- _TRY IT_:
Starting with the line with "Indian Vintage Heavy" in the entries below and going on through the line with "Foldable 360° Rotating", output every line exactly and nothing more. No pictures.

- _RECORDS PROVIDED_:
§
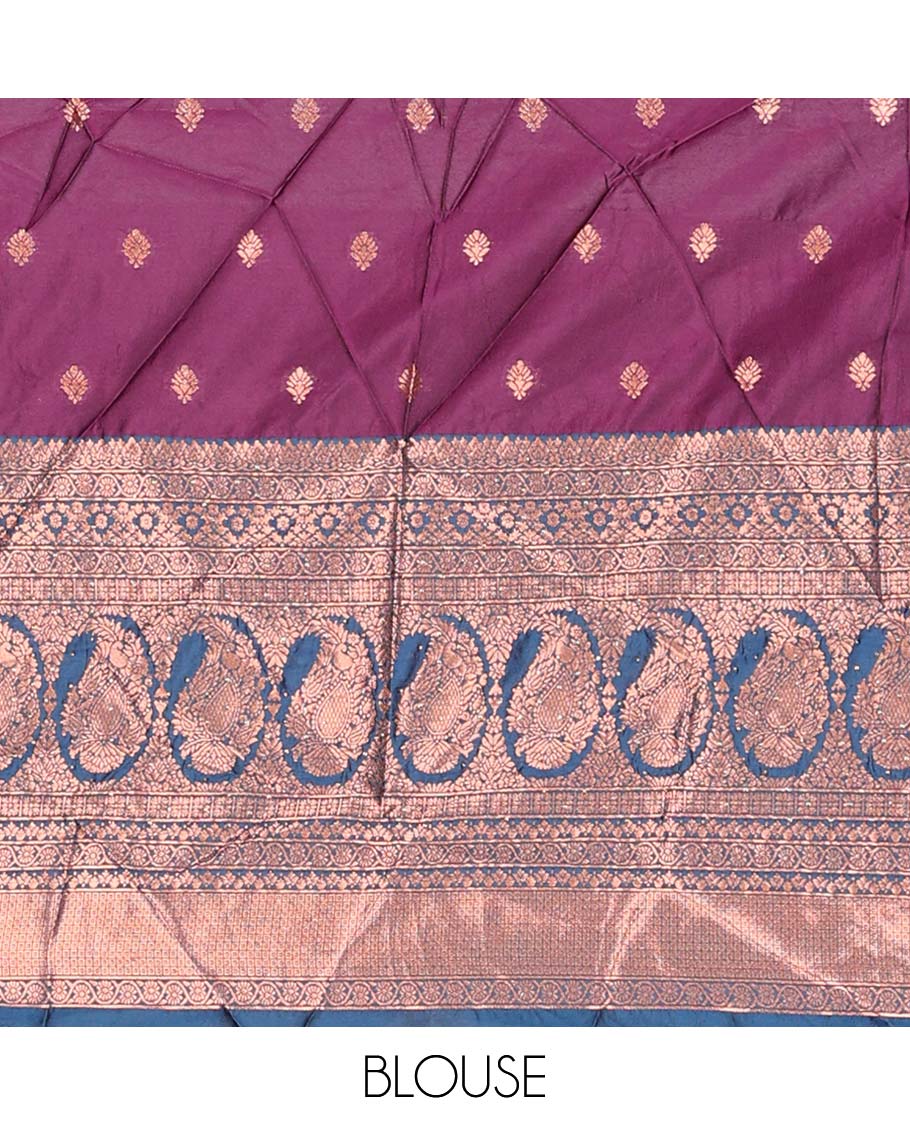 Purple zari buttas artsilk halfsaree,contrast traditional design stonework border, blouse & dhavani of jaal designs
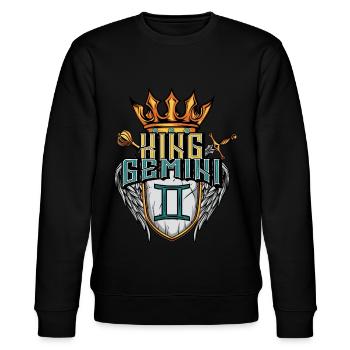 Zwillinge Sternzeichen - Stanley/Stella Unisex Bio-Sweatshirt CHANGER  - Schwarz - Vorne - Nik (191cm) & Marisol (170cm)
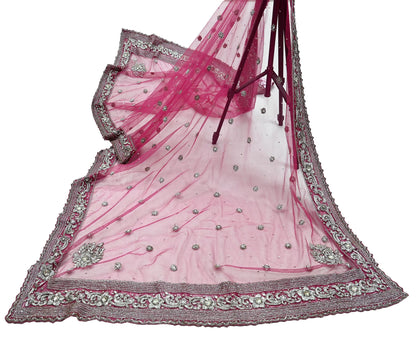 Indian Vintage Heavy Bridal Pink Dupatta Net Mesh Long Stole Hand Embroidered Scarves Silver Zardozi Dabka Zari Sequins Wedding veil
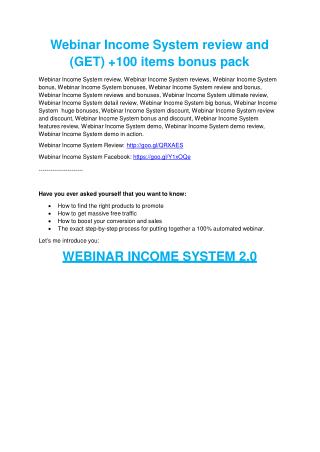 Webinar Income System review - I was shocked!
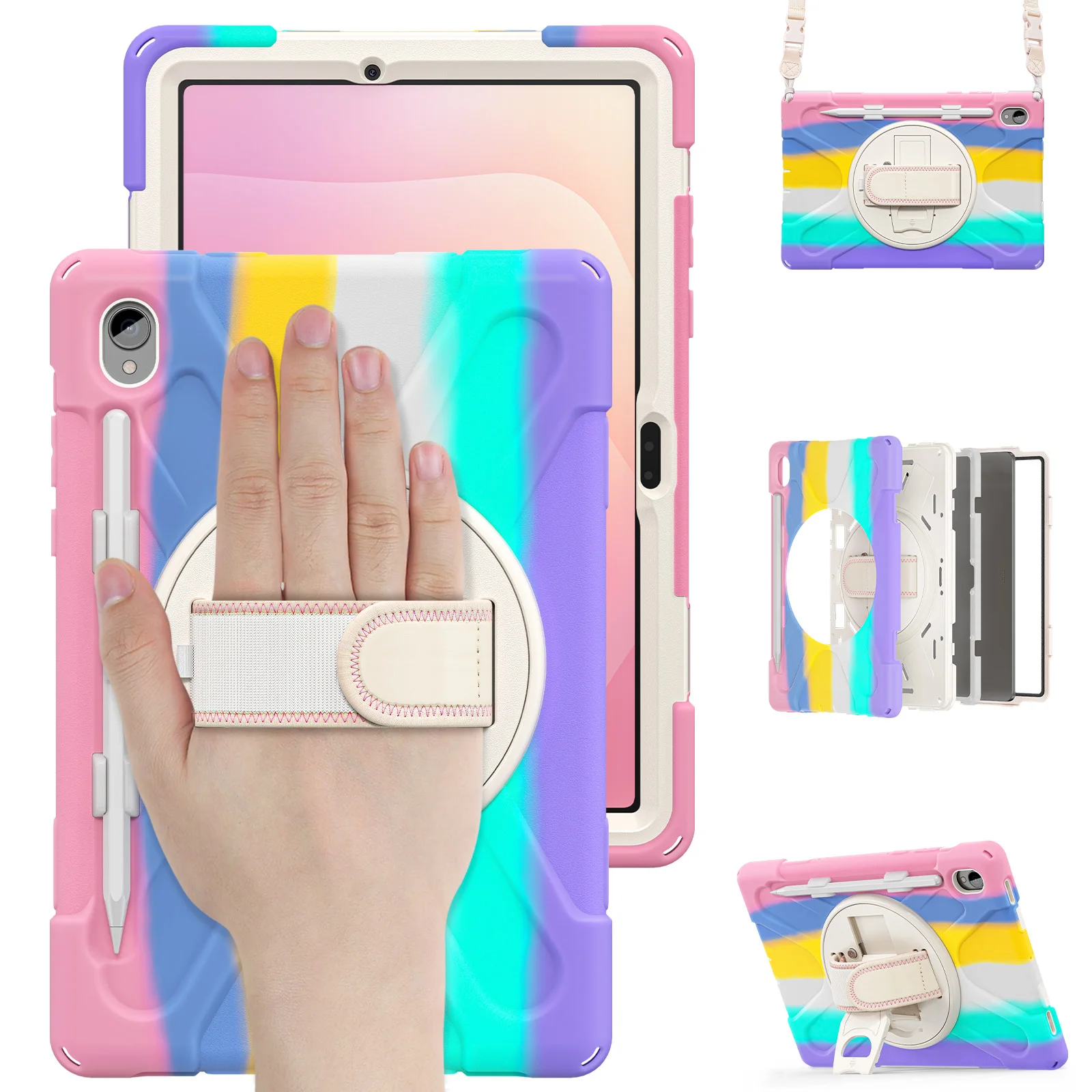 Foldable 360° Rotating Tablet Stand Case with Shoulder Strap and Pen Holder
§
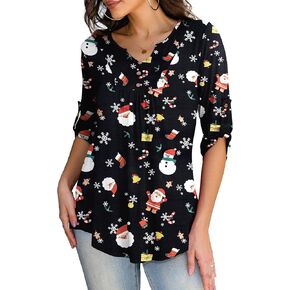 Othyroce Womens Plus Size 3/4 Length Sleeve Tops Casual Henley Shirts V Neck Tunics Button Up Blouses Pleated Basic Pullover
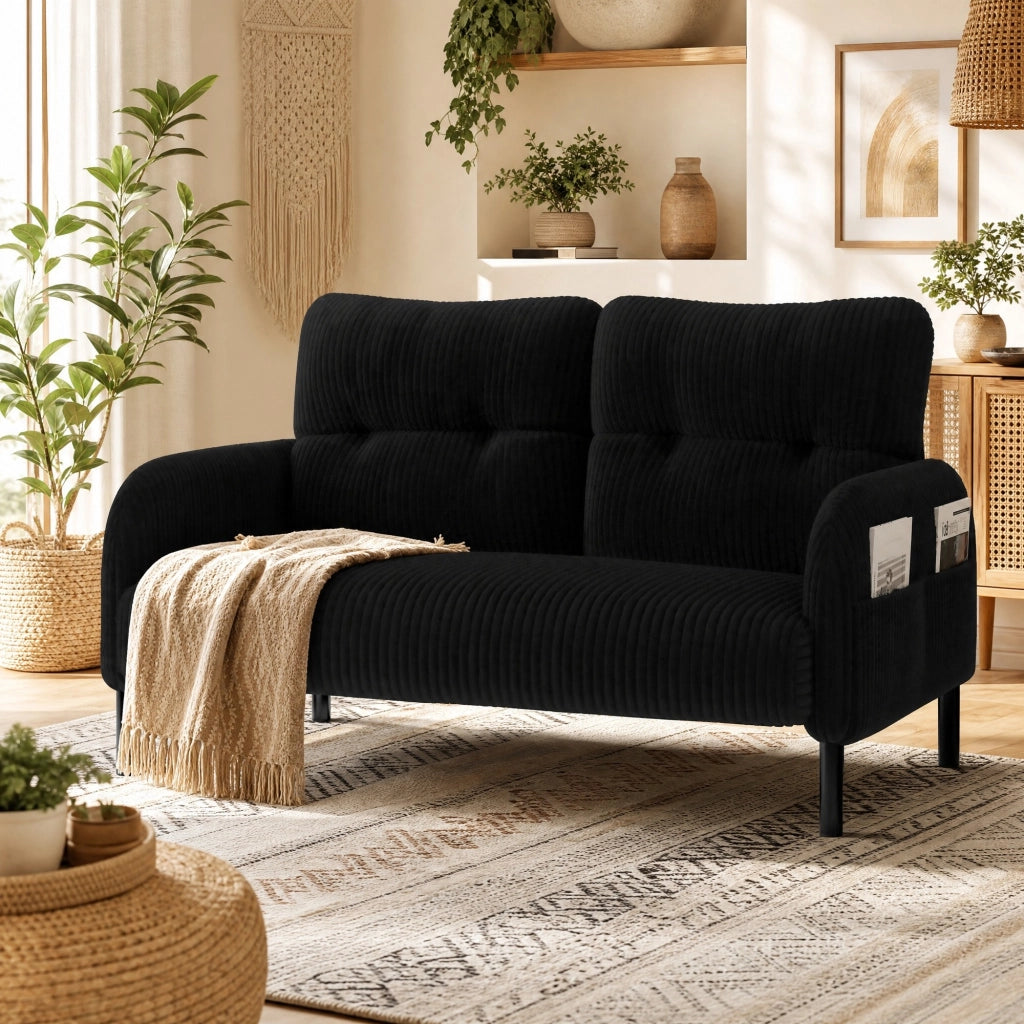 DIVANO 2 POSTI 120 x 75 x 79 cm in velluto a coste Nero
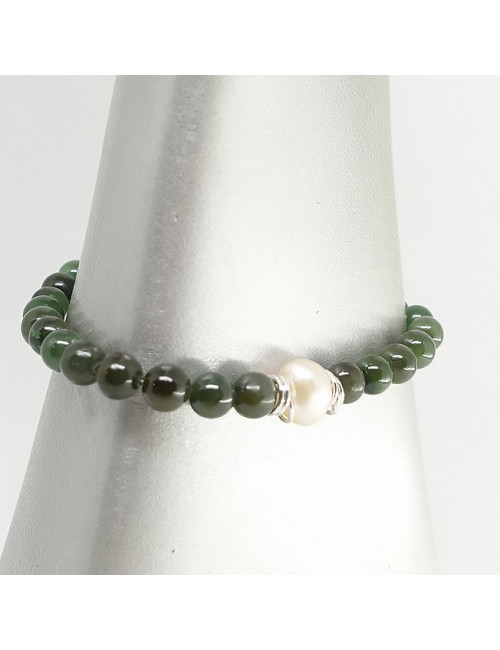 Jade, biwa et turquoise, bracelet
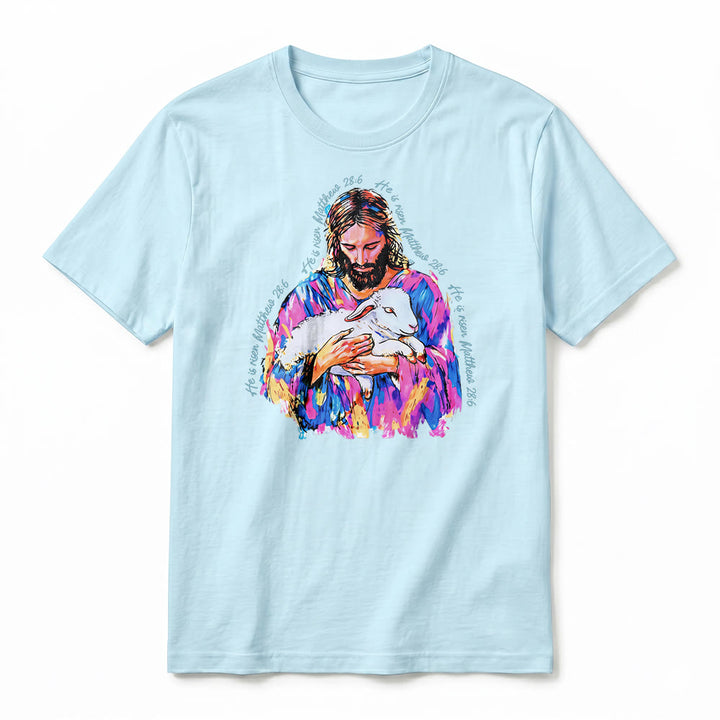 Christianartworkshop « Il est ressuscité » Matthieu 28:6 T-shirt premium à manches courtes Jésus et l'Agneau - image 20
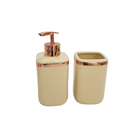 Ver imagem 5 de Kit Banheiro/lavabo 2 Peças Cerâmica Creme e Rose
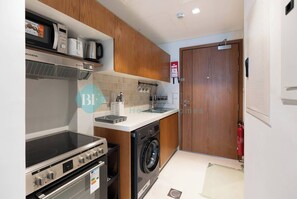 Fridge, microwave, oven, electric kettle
§
- _SOLUTION_:
 Indian Vintage Heavy Bridal Pink Dupatta Net Mesh Long Stole Hand Embroidered Scarves Silver Zardozi Dabka Zari Sequins Wedding veil
 Webinar Income System review - I was shocked!
 Foldable 360° Rotating Tablet Stand Case with Shoulder Strap and Pen Holder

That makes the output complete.